Readers will recognize the central issue in this paper as one of cue-trading/cue-weighting. There are several models of cue-weighting present in the literature, and the current study was not designed to explicitly test or challenge any of them. Of particular interest, however, are those accounts which specifically acknowledge the reliability with which the signal is represented. The cue weighting-by-reliability model of Toscano and McMurray (2010) suggests that the weighting of acoustic cues in phonetic perception can be predicted by their distributional properties in the input; the basic theme of this research permeates other work as well, such as that of Holt and Idemaru (2011). Specifically, a cue is more reliable (and hence should be more heavily weighted) if the contrastive level means are far apart and have low variance. In the current study, it could be argued that spectral degradation (whether simulated or via electric hearing) would diminish the reliability of spectral cues like vowel formants as well as formant transitions, since there is no clear placement of these peaks in the degraded spectrum. The temporal dimensions (duration, time-varying amplitude envelope), however, should remain relatively unchanged.

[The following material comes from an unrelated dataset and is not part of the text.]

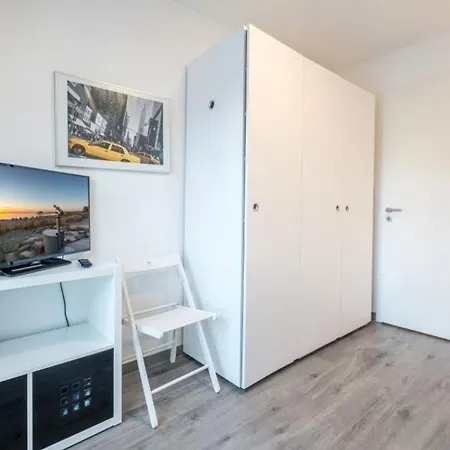 Timmare Ii, App 5 Apartment Timmendorfer Strand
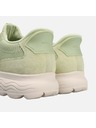 Geox Svetlo zeleni ženski teniski Geox Spherica Plus Fast in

In summary, the current experiments were conducted to explore whether spectral degradation affects listeners’ use of various acoustic cues in phonetic identification. It was hypothesized that if spectral resolution were poor, listeners would be less affected by phonetic cues in the spectral domain, and more affected by phonetic cues in the temporal domain. This hypothesis would be supported by two kinds of results: (1) normal-hearing listeners using phonetic cues differently when spectral resolution is artificially degraded and (2) cochlear implant listeners using phonetic cues in a way that is different from normal-hearing listeners. The hypothesis was tested using two different phonetic contrasts, described below.

EXPERIMENT 1: THE LAX/TENSE VOWEL DISTINCTION

Review of acoustic cues

The first experiment explored the high-front lax/tense vowel contrast (/I/ and /i/) in English, which distinguishes word pairs such as hit/heat, fill/feel, hid/heed, and bin/bean. The cues that contribute to this distinction include the spectral dimensions of formant structure and vowel-inherent spectral change (VISC), as well as vowel duration. Formant structure has long been known to correspond to vowel categorization, albeit with a considerable amount of overlap between categories (Hillenbrand et al., 1995). Still, this cue is extremely powerful; using only steady-state formants synthesized from measurement taken at one timepoint in a vowel, human listeners identify vowels with roughly 75% accuracy (Hillenbrand and Gayvert, 1993). Automatic pattern classifiers show similar performance with just one sample of formant structure (i.e., a spectral snapshot) (Hillenbrand et al., 1995).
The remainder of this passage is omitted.